Keine halbe Stunde nachdem wir Doolin verlassen haben, springt uns auf der linken Seite ein hervorragend erhaltener Rundturm samt Kirchenruine ins Auge. Da brauchen wir nicht lange zu überlegen, der kleine Abstecher zur ehemaligen Klosteranlage Kilmacduagh sollte zeitlich definitiv drin sein. Abgeschirmt durch die wegbegleitenden Steinwälle erkennen wir erst nach einer scharfen Rechtskurve die Horden von überwiegend jungen Bustouristen ziemlich lust- und planlos über die Straße trotten.
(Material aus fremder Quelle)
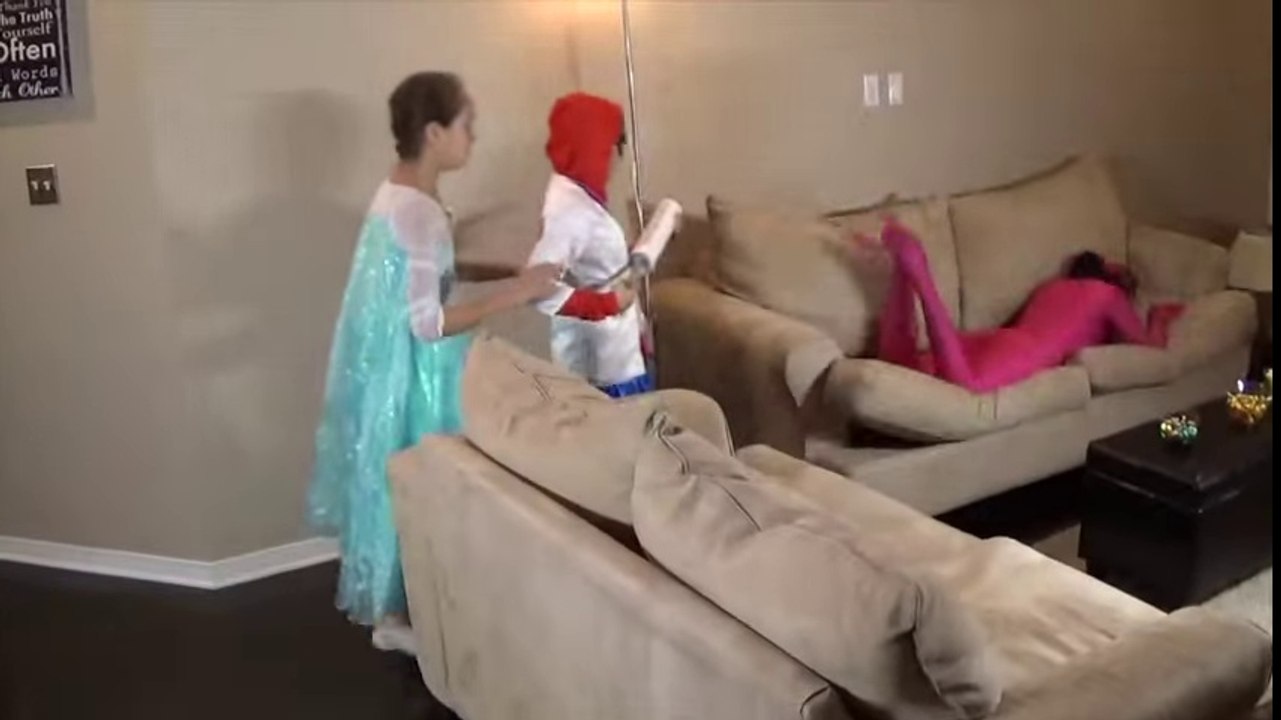 PINK SPIDER GIRL VS DOCTOR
Zwei Irland-Tour-Rundfahrt-Busse stehen auf dem kleinen Parkplatz, wir stellen uns dazu und hoffen, dass der Massentourismus möglichst schnell wieder verschwindet. Bergsteigen, Golfspielen und irgendwas mit Weidetieren ist hier sowieso verboten, wie ein Hinweisschild unmissverständlich klarmacht (ja, ich liebe absurde Schilder irgendwie…).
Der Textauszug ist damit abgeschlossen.